↓

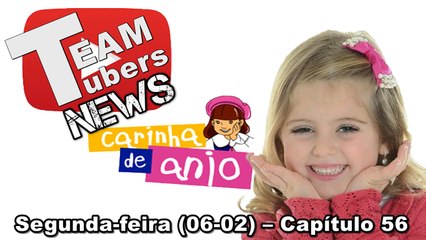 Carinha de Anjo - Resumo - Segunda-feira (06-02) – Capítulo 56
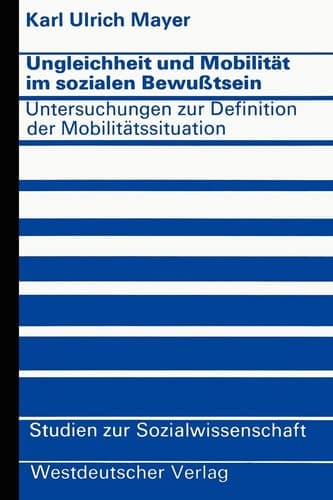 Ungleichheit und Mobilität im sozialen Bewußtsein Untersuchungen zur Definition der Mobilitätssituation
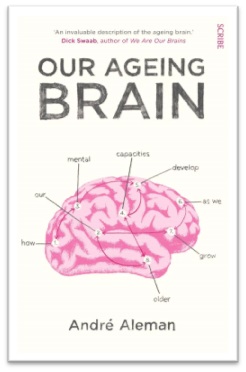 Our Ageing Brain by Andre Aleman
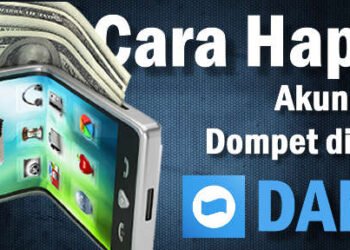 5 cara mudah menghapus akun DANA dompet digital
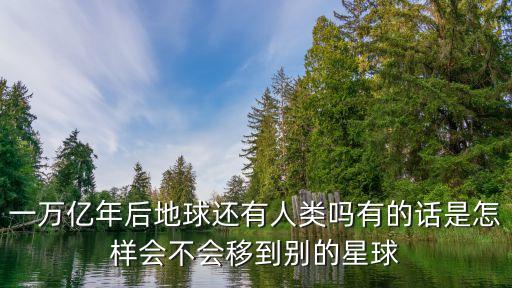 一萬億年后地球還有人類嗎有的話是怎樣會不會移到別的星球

↑

■ **Activity**
Word for word, reproduce all the data, but not the pictures.

■ **Answer box**
 Carinha de Anjo - Resumo - Segunda-feira (06-02) – Capítulo 56
 Ungleichheit und Mobilität im sozialen Bewußtsein Untersuchungen zur Definition der Mobilitätssituation
 Our Ageing Brain by Andre Aleman
 5 cara mudah menghapus akun DANA dompet digital
 一萬億年后地球還有人類嗎有的話是怎樣會不會移到別的星球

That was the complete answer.